▶ _Exercise_
Leave out the images and output the records word for word.

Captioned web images
______________________________

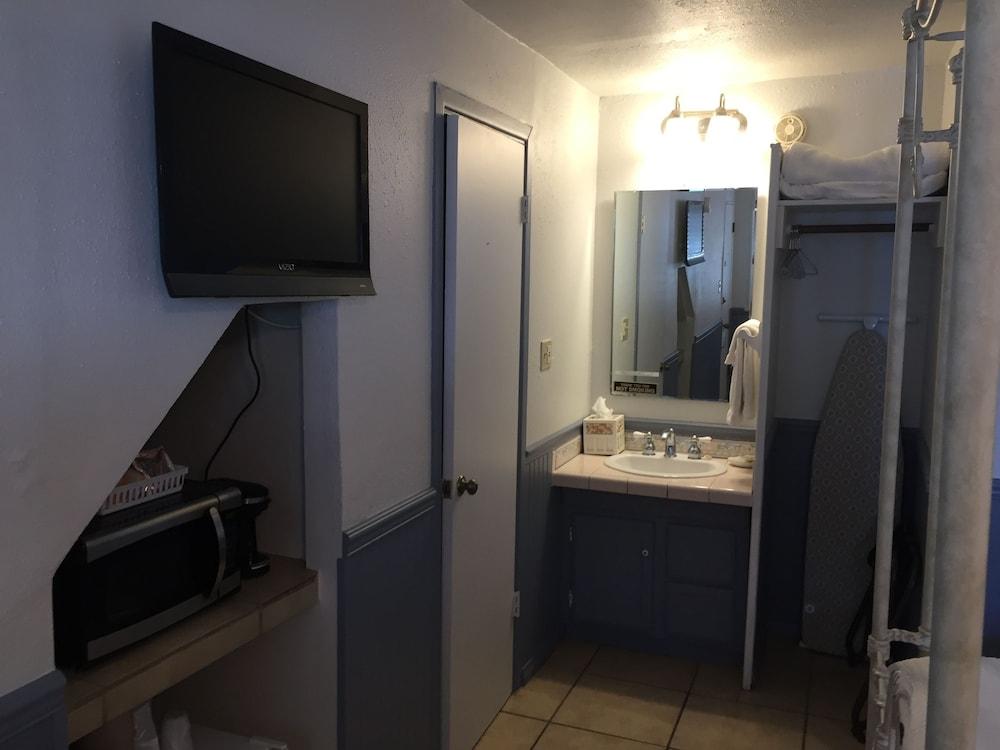 Seacrest Inn photo 22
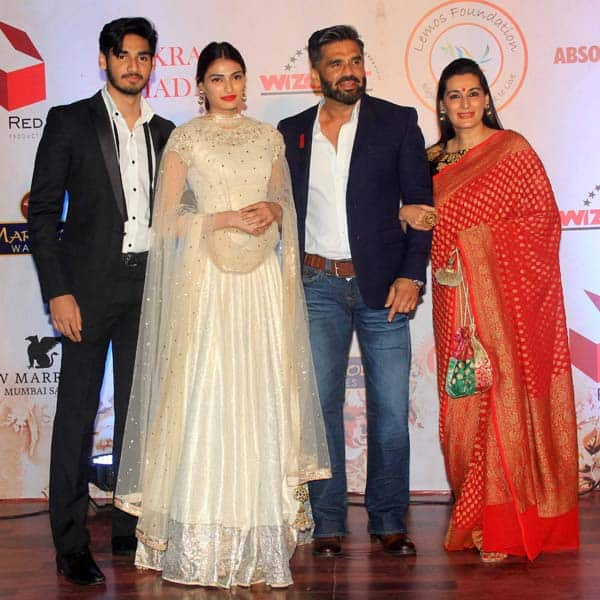 Sunil shetty mana shetty athiya shetty and aahan shetty during vikram ...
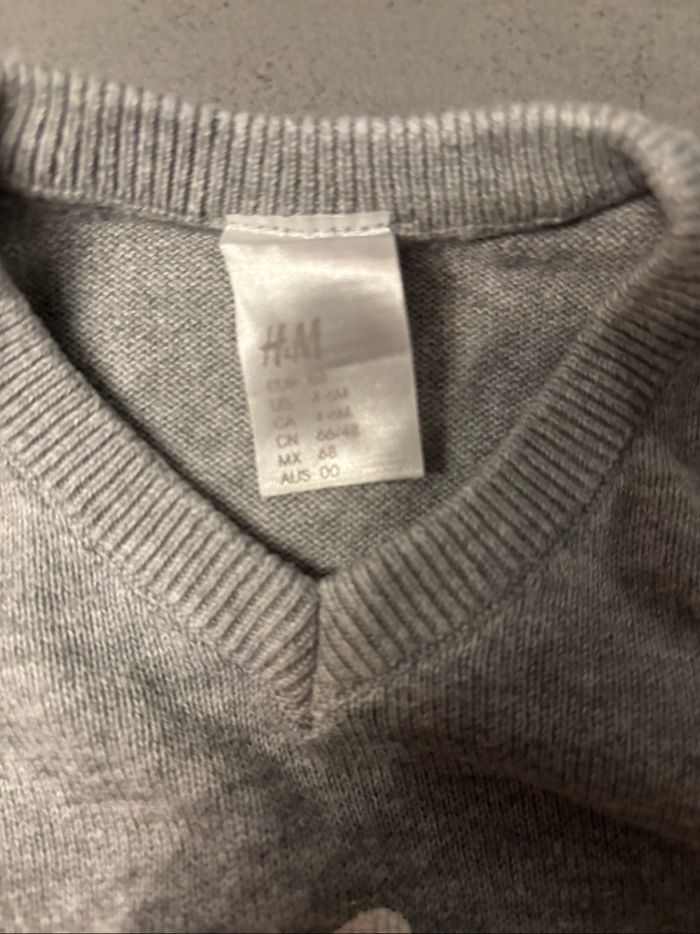 Pull sans manches H&M 6 mois - photo numéro 2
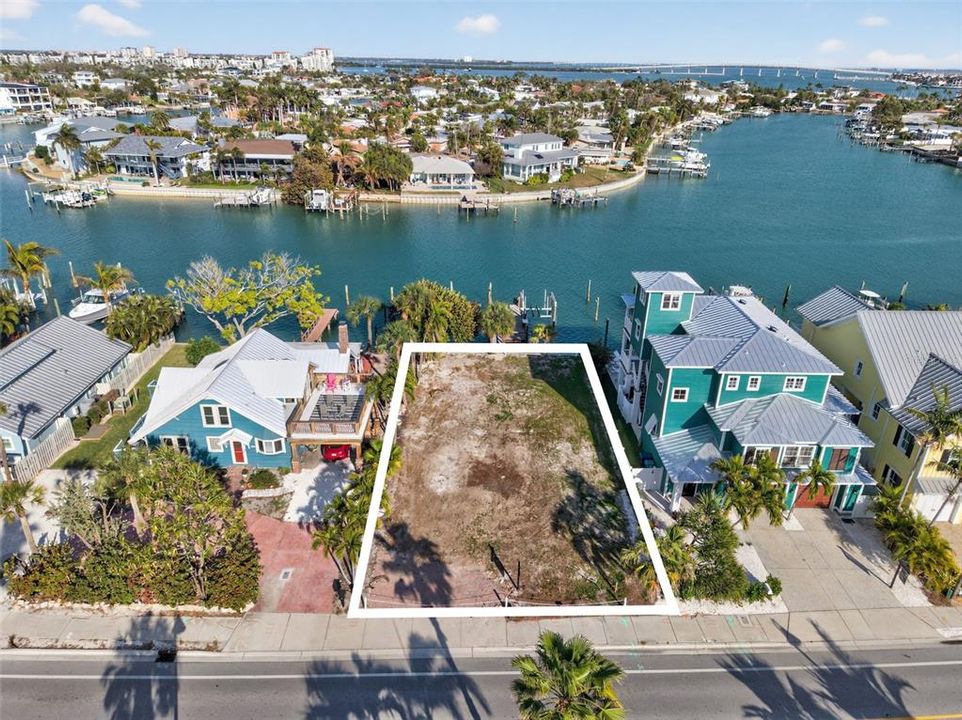 For Sale: $1,930,000 (0.16 acres)
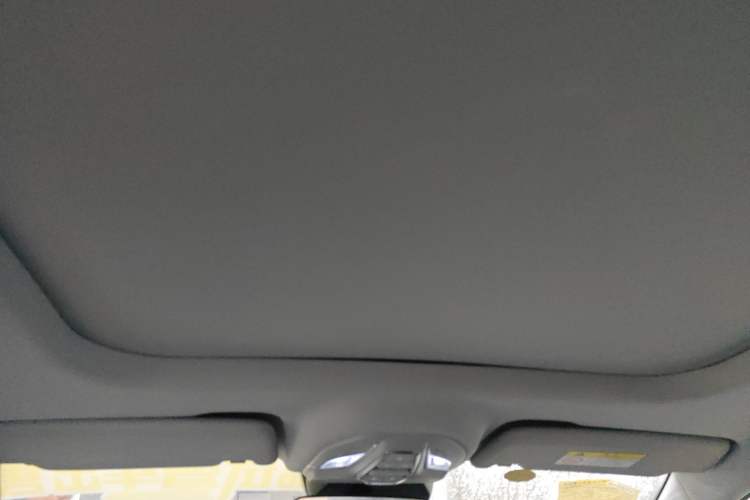 Used Wuling Xingyun 2023 2.0L DHT Flagship Edition Headliner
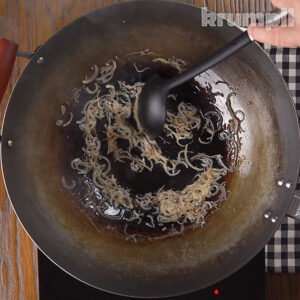 Vietnamese Caramel Chicken process shots 10 of 16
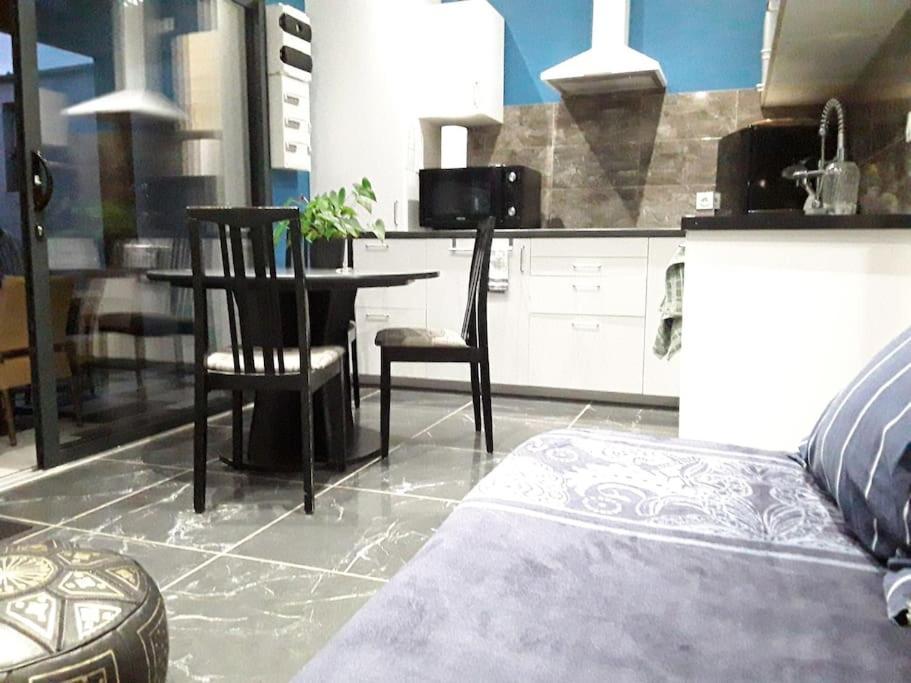 Maisonnette 28 M2 Au Fond Du Jardin Calme&Confort モンドヴィル エクステリア 写真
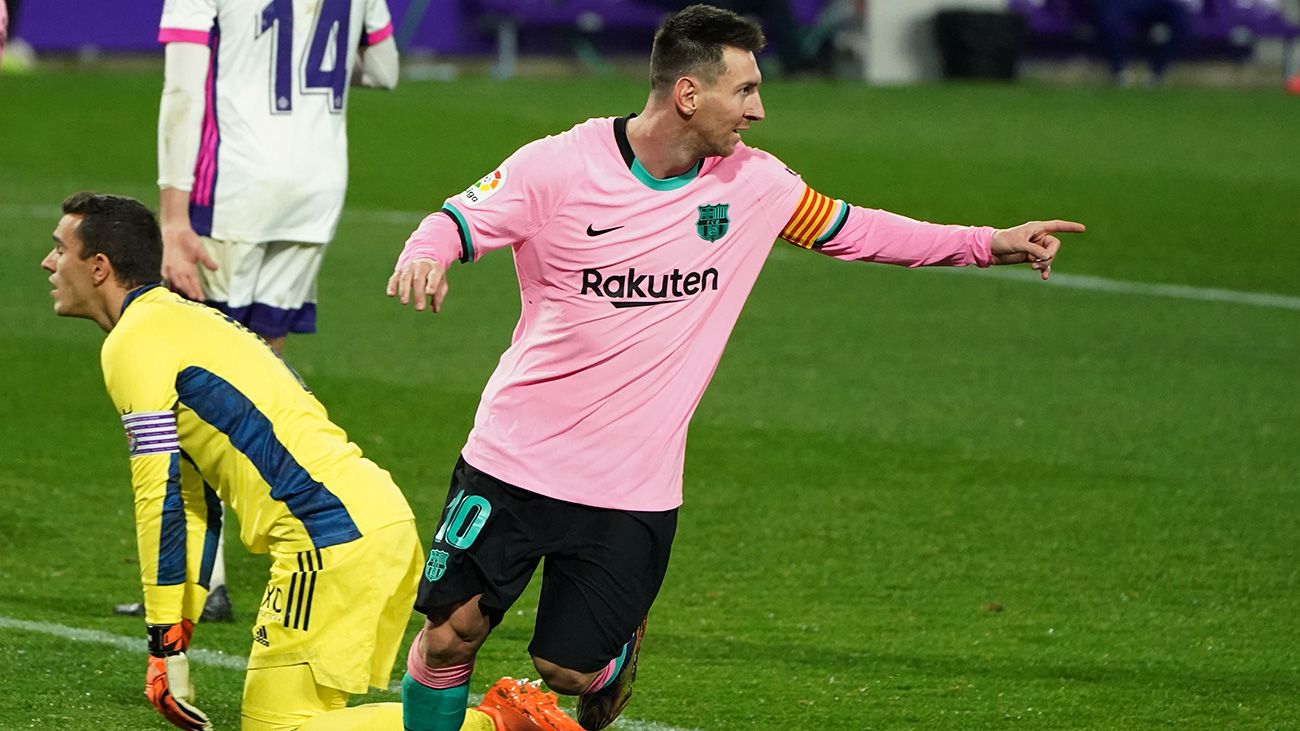 Leo Messi celebrates his goal in Valladolid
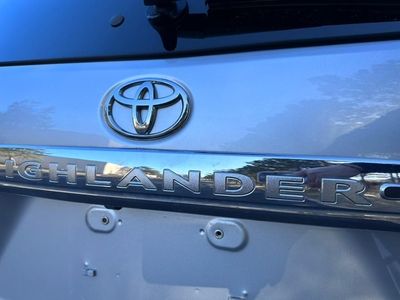 2012 Toyota Highlander in Revere, MA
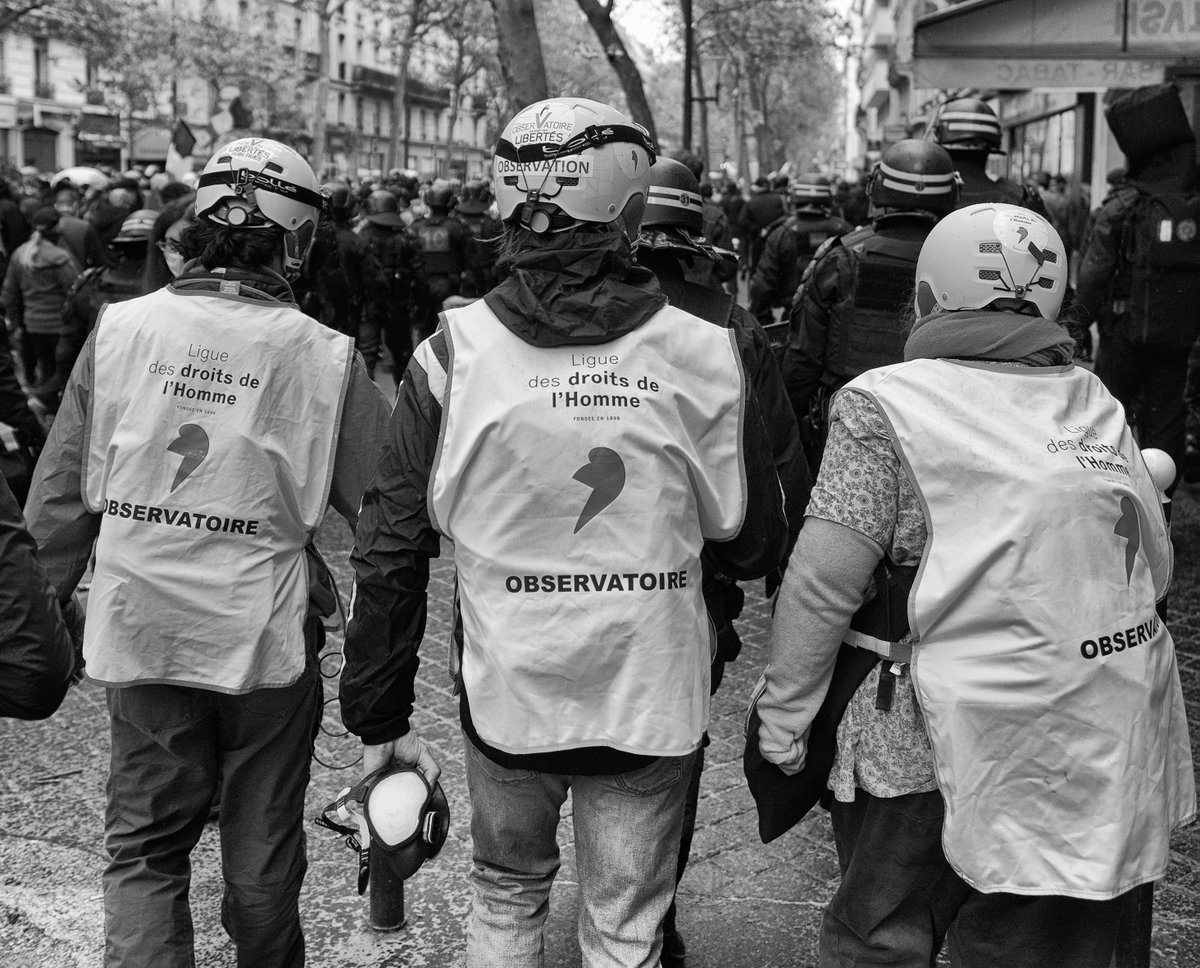 LDH_Fr's tweet photo. L’actualité met régulièrement en avant les usages disproportionnés et dangereux de la force publique. Avec des partenaires, la #LDH s'est engagée dans des démarches d’observation citoyennes, sur l’ensemble du territoire.
En savoir + ↷
https://t.co/Aln24O4HAG https://t.co/he8KfoIqYT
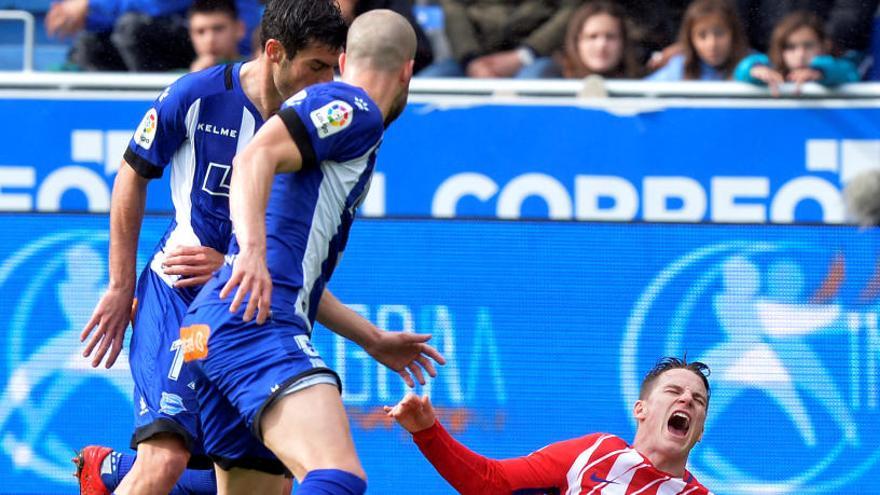 El Atleti logra un punto ante un Alavés muy combativo.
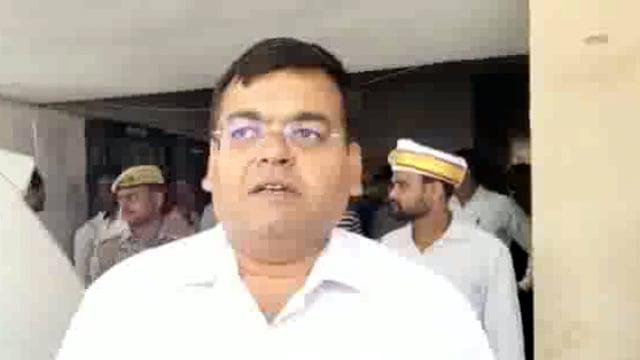 महाभियान चलाकर निराश्रित गोवंश को गोशाला पहुंचाएं डीएम संजीवरंजन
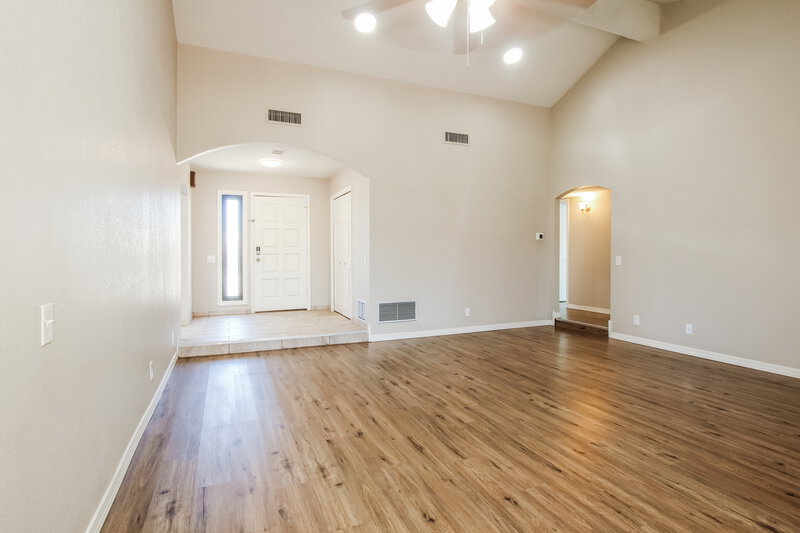 2,590/Mo, 17403 E San Marcus Dr Fountain Hills, AZ 85268 Living Room View 3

______________________________

▶ _Problem solution_
 Seacrest Inn photo 22
 Sunil shetty mana shetty athiya shetty and aahan shetty during vikram ...
 Pull sans manches H&M 6 mois - photo numéro 2
 For Sale: $1,930,000 (0.16 acres)
 Used Wuling Xingyun 2023 2.0L DHT Flagship Edition Headliner
 Vietnamese Caramel Chicken process shots 10 of 16
 Maisonnette 28 M2 Au Fond Du Jardin Calme&Confort モンドヴィル エクステリア 写真
 Leo Messi celebrates his goal in Valladolid
 2012 Toyota Highlander in Revere, MA
 LDH_Fr's tweet photo. L’actualité met régulièrement en avant les usages disproportionnés et dangereux de la force publique. Avec des partenaires, la #LDH s'est engagée dans des démarches d’observation citoyennes, sur l’ensemble du territoire.
En savoir + ↷
https://t.co/Aln24O4HAG https://t.co/he8KfoIqYT
 El Atleti logra un punto ante un Alavés muy combativo.
 महाभियान चलाकर निराश्रित गोवंश को गोशाला पहुंचाएं डीएम संजीवरंजन
 2,590/Mo, 17403 E San Marcus Dr Fountain Hills, AZ 85268 Living Room View 3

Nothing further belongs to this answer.